Finished preparing NNTSC for packaging. Wrote an init script for the NNTSC collector and ensured that all of the subprocesses are cleaned up when the main collector process is killed. Wrote some manpages, updated the other documentation and added some licensing to NNTSC before handing it off to Brendon for packaging.
Also moved towards packaging netevmon. Again, lots of messing around with daemonisation and ensuring that the monitor can be started and stopped nicely without anyone having to manually hunt down processes.
Spent the rest of my time working on the interaction between amp-web and History.js. Only one entry is placed in the history for each visited graph now and selecting a graph from the history will actually show you the right graph. Navigating to a graph via the history will also now update the dropdown lists to match the currently viewed graph. When using click and drag to explore a graph, clicking once on the graph will return to the previous zoom level (this was already present, but only worked for exploring the detailed graph, not the summary one).
Spent most of my week working on making the various components of NNTSC and netevmon backgroundable so that they are a lot easier to run long-term. This was pretty straightforward for the C++ programs but the python scripts have been a bit trickier, especially in terms of getting the logging going to the right place.
Also fixed a few of the outstanding issues with amp-web. In particular, I fixed the problems we were having with the X-axis of the summary graph being garbled and ensured that the summary graph will always show a sensible time period based on the region shown in the detailed view. These changes also meant I could remove the summary timestamps from the page URL, which cleans that up quite a bit.
Finished fixing the URLs in amp-web so that they are ordered sensibly and can support NNTSC streams that are defined using more than just "source" and "target". I also changed the ordering of the timestamps in the URL so that we can specify a start and end time for the detailed graph only (sensible defaults for the summary graph are meant to be chosen in this case).
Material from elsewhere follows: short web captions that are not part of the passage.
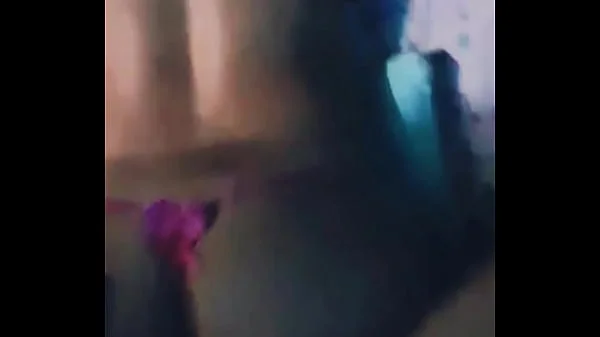 Morena de calcinha rosa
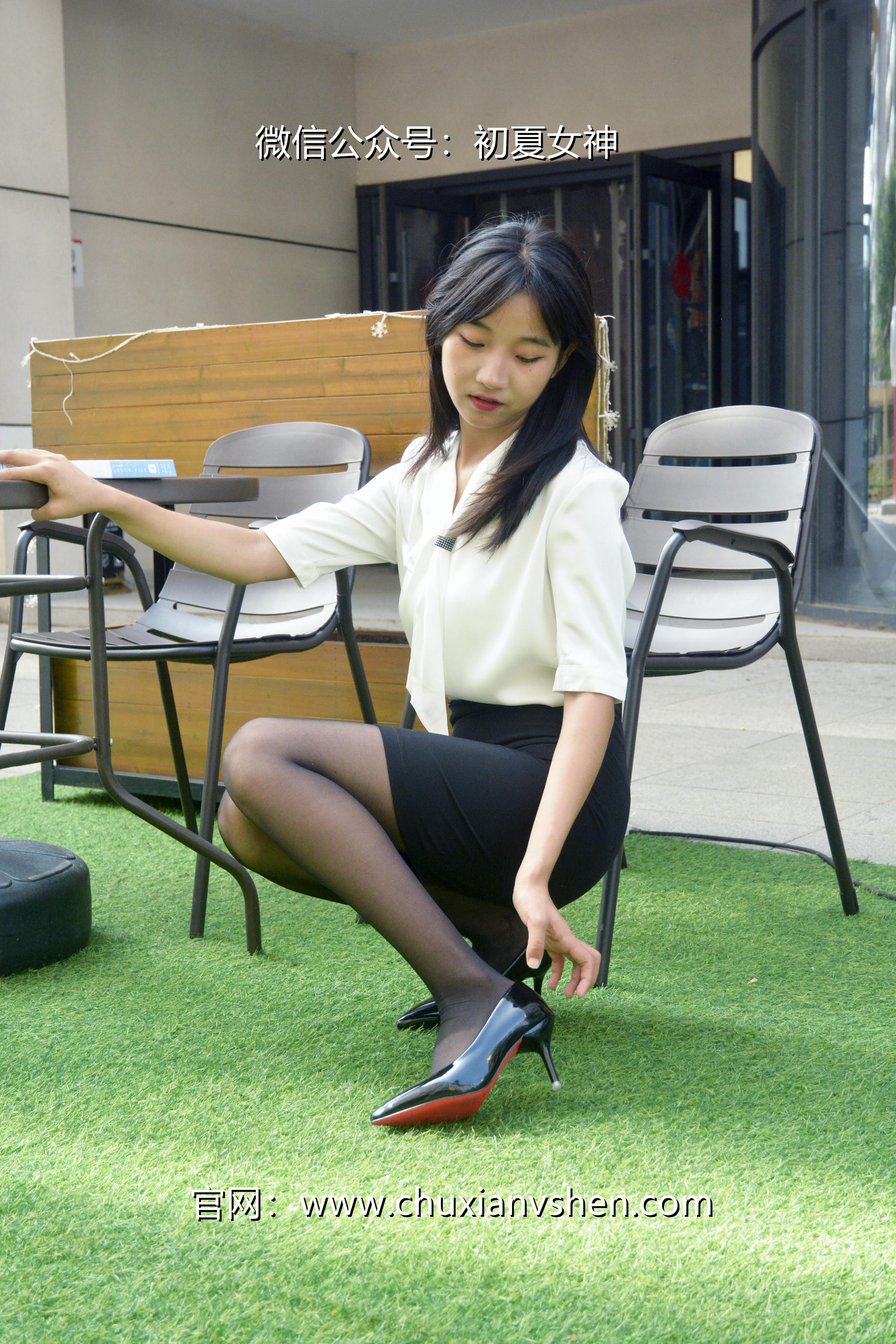 初夏女神 NO.021 点点 黑白正装[140P+1V／5.48GB]_第7集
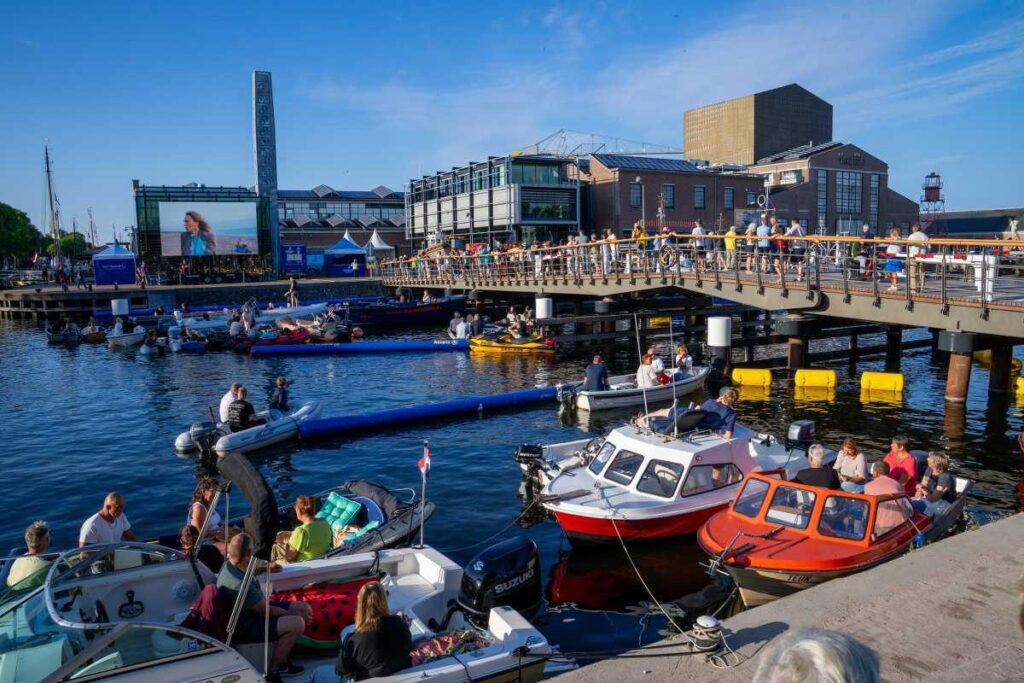 Drijf in Bioscoop tijdens de Jutterhavendagen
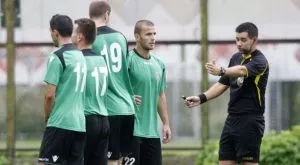 Кметът гаси пожар в Ботев Враца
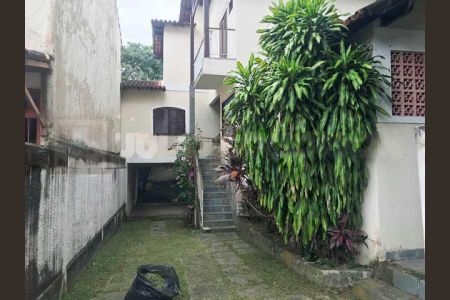 Casa de condomínio à venda com 380m², 5 quartos e 2 vagas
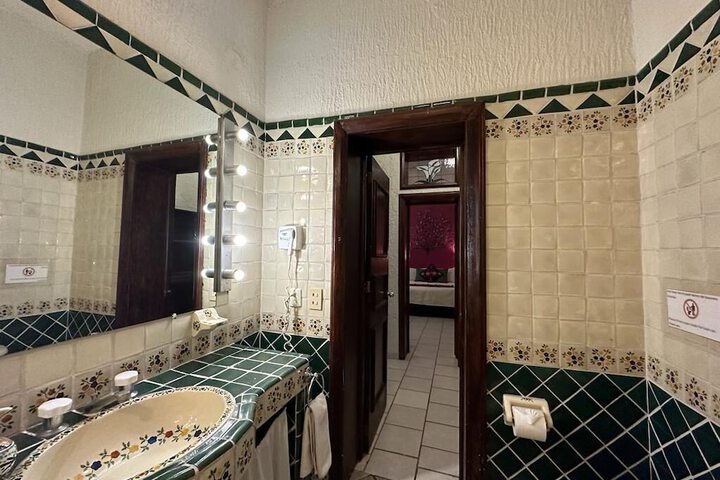 Room 58 of 84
This is really handy when creating URLs that link to graphs showing events.
Started looking into what needed to be done to prepare NNTSC and netevmon for packaging and a possible distribution for our friends at Lightwire. Spent a decent chunk of time writing a README that should describe exactly how to get a NNTSC instance up and running.
NNTSC and netevmon both have tracs now and I've added a series of tickets to each with the aim of getting a release ready for Lightwire by the end of the month.